You may get lucky with a square foot of floor space calculator, but it doesn't allow for how many feet of walls there are in a house/building. You can have two houses with the same Sq Ft of floor space and a wide difference in wall footage. The way to do this properly is to measure all your exterior walls and take them times the height. make sure to measure through you doors and windows!. This will give you your Sq ft of drywall for the exterior walls. Then do the same for your interior walls except take the total length of you walls times the height times 2. this will give you your footage for your interior walls. If there is green board or Durock being used use the same method for these them minus them from your total. Once you have you walls you measure your ceilings. always round up th e the next even foot I.E. 9' becomes 10'. Add all these up and you have your ceiling footage. Next if you have cathedrals or volume ceilings add your extra footage for these. You know how much you pay per board or sq ft for installation. So use these amounts to figure your labor. If you pay more for ceiling hanging you already have your qty break-out for this same for high work in cathedrals or volume areas. I even break out the soffit seperate because you usually will pay more for these. Now for the materials. You get a quote from your supplier for the board to make sure you are covered. You take your Sq Ft of board and divide it by 1500 for the rolls of 500' tape you need or 750 for the rolls of 250' tape. Then you take your total footage and divide it by 500 this will give you your total numer of boxes/buckets of mud for the job. Figure one screw/nail per foot. Now you have your labor and materials you can do the final step which is adding Profit and overhead. You should never bid a job without knowing EXACTLY how much Material - Labor - and Profit you have in it. This is the only way to estimate any job. Don't forget to add in your cornerbead scissor lifts or scaffolding as well as any supervision you may have.
Dave

Taken from an earlier post...Please read thru some old post you will find your answersas needed for most problems


----------



## maj (Mar 13, 2006)

Dave..........



> I need a ruff estimate





> Im not trying to get exact numbers.Just a rough idea





> i am not very expierenced in reading blueprints


----------



## Tom R (Jun 1, 2004)

Uh-oh, - - Dave appears to have broken some kind of newfangled 'too exact' rule!! :laughing: 

At least it's comforting to know I'll prob'ly never get busted on that one!! :whistling


----------



## Gordo (Feb 21, 2006)

Peladu said:


> Please help!
> 
> I am a carpenter and have to build a dog house for a customer.
> Does anyone know how many nails I may need.
> ...


:w00t: :laughing:


----------



## mdshunk (Mar 13, 2005)

Jeeze, some of you guys are downright mean. I decode this post more like this:

Ohio Drywall is probably a good drywaller. Perhaps he can hang and finish as good or better than anyone in his market. He's been doing it for years. Now that he's in business for himself, he's got to pick up a new skill... estimating. He's got an impressive sized job, 3200 square feet, and wants a little help comfirming what he thinks he needs in terms of drywall. 

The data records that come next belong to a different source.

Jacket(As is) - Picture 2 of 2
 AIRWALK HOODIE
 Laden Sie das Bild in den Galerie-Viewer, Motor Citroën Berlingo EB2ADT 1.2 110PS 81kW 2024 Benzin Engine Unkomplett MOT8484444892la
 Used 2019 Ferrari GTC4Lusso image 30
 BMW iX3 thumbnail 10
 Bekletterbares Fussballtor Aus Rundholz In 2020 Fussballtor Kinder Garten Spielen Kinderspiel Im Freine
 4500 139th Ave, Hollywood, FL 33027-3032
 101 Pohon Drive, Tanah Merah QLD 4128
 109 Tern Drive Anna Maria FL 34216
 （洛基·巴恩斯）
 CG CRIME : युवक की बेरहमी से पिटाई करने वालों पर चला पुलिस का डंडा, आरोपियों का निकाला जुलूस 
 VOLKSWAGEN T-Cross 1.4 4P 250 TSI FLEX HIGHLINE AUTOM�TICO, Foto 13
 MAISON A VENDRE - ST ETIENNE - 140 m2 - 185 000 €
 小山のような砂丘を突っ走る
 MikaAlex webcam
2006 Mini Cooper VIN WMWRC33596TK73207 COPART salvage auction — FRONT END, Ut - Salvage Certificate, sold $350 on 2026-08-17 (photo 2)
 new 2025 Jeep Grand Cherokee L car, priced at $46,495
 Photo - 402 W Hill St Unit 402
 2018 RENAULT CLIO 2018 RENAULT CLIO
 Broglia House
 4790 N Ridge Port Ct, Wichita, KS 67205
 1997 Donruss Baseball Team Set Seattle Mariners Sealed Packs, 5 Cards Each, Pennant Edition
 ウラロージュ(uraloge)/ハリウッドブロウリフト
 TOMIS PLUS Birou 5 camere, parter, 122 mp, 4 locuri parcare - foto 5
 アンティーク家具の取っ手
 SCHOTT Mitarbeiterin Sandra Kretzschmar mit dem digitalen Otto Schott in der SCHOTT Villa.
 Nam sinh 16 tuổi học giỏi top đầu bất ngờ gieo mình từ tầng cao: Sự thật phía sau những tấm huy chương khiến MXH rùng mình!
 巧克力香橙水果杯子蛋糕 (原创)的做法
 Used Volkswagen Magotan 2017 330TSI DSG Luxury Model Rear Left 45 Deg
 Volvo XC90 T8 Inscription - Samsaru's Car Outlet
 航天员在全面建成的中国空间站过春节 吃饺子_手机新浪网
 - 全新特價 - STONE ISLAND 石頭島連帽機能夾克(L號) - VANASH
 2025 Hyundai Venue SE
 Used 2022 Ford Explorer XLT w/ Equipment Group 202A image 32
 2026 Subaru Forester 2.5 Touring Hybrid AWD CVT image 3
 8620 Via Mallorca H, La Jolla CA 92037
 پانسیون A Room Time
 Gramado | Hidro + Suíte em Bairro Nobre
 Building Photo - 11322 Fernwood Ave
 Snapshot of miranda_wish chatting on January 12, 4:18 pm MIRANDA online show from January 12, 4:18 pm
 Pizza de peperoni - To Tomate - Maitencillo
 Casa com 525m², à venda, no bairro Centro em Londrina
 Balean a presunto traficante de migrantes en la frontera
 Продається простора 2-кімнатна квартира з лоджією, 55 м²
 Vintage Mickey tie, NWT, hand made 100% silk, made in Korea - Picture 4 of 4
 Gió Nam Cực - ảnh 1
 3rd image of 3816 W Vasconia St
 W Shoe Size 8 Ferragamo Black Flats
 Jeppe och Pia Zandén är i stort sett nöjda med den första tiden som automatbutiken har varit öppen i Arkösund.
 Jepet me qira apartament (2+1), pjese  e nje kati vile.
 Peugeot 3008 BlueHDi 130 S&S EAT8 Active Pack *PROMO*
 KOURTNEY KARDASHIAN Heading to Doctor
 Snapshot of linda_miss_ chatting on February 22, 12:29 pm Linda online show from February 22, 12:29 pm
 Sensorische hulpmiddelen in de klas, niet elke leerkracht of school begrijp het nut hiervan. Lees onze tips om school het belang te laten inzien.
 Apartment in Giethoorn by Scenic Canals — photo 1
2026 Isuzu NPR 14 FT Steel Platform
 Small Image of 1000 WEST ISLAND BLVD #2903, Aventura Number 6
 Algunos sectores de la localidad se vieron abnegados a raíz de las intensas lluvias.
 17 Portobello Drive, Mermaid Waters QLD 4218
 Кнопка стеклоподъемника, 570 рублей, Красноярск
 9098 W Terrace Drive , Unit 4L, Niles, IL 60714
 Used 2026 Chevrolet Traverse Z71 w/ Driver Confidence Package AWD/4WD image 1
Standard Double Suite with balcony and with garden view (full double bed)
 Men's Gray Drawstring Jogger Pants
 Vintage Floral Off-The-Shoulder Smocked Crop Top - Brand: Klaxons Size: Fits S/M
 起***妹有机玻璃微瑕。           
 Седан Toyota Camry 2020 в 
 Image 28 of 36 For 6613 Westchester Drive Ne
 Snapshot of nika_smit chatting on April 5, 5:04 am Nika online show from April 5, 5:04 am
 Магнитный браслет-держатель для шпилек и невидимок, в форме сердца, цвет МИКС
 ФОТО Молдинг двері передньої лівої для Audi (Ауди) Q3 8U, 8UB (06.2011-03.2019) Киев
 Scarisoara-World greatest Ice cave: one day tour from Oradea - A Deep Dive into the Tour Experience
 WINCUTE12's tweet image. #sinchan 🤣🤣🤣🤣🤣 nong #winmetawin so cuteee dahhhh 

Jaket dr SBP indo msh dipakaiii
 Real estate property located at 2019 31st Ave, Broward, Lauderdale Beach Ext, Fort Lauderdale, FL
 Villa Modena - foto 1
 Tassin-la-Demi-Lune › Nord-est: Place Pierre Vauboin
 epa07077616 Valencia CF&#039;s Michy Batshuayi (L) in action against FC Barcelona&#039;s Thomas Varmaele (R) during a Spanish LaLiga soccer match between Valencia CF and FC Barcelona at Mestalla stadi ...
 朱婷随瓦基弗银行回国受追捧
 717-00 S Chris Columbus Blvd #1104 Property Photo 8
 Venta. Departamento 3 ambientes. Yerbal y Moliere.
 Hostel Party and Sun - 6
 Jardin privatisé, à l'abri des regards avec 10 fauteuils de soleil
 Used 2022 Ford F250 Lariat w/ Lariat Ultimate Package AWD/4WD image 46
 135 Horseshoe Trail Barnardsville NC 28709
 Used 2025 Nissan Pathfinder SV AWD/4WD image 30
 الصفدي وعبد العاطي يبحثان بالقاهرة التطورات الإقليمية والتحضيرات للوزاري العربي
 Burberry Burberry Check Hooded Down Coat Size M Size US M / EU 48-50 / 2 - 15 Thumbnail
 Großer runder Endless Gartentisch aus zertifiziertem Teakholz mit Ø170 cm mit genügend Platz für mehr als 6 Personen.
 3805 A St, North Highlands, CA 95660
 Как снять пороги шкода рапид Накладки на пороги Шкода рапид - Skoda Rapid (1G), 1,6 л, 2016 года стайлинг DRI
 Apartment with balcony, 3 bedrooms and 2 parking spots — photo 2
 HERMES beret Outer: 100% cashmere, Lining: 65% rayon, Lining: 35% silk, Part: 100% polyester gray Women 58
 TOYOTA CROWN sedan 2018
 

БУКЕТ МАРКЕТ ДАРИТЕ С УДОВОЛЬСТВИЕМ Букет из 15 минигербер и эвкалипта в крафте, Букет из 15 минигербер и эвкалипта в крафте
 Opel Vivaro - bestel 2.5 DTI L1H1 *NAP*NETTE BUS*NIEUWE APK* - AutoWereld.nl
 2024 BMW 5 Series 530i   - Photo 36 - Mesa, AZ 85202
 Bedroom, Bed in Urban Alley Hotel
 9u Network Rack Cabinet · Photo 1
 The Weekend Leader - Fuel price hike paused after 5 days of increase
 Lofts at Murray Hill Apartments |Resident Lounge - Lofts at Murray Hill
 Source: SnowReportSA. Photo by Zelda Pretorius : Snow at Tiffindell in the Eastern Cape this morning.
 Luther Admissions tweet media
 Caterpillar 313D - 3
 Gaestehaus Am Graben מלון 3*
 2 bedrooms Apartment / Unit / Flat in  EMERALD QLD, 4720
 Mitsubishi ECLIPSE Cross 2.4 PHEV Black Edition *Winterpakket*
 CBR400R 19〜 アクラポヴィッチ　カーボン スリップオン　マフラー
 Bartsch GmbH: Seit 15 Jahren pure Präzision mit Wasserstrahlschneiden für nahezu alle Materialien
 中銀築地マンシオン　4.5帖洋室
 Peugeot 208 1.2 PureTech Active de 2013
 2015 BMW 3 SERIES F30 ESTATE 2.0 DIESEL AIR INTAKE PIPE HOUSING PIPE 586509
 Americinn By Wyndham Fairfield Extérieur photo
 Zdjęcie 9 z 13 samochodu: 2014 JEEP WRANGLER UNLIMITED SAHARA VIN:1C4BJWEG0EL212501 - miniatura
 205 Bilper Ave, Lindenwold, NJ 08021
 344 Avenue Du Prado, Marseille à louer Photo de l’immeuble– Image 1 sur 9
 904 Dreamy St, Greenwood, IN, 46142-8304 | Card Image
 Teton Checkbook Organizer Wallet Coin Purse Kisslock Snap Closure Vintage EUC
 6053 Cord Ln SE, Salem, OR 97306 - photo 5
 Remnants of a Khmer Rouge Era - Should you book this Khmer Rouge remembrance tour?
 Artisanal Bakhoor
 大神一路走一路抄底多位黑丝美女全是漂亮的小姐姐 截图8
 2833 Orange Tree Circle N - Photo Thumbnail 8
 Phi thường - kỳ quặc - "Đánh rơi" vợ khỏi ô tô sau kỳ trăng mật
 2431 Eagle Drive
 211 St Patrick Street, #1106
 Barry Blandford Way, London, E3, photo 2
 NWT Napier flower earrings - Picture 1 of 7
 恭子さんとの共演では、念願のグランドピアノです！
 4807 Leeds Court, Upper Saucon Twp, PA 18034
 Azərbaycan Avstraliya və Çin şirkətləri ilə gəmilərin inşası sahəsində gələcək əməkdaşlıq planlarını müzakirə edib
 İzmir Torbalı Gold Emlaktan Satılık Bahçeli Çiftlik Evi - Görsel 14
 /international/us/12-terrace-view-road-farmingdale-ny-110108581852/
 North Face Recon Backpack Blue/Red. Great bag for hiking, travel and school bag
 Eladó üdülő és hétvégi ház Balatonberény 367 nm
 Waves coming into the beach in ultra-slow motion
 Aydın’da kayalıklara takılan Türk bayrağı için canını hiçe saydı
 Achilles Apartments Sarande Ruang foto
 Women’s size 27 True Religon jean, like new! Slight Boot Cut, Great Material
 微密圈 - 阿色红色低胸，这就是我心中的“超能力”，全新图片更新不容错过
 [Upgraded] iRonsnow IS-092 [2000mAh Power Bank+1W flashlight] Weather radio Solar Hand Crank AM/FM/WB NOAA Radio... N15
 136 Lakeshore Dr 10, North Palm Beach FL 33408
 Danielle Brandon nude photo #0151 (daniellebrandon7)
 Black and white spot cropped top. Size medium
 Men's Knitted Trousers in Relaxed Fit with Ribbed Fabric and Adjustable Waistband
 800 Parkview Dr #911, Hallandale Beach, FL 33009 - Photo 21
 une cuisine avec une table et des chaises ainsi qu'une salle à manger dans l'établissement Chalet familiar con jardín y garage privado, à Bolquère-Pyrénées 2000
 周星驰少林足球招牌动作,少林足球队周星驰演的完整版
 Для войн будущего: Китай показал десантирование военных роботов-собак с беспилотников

For Pete's sake, help a new guy out.


----------



## Tom R (Jun 1, 2004)

mdshunk said:


> Jeeze, some of you guys are downright mean. I decode this post more like this:
> 
> Ohio Drywall is probably a good drywaller. Perhaps he can hang and finish as good or better than anyone in his market. He's been doing it for years. Now that he's in business for himself, he's got to pick up a new skill... estimating. He's got an impressive sized job, 3200 square feet, and wants a little help comfirming what he thinks he needs in terms of drywall.
> 
> For Pete's sake, help a new guy out.



Gotta agree with ya', - - doesn't hurt to help him out, - - but in all honesty, - - the only way he's really gonna narrow this job down is by learning to read them prints.

It's really pretty straightforward, - - especially as far as just the lengths of the walls are concerned, - - and he's gonna have to learn to do this on his own real quick anyway. 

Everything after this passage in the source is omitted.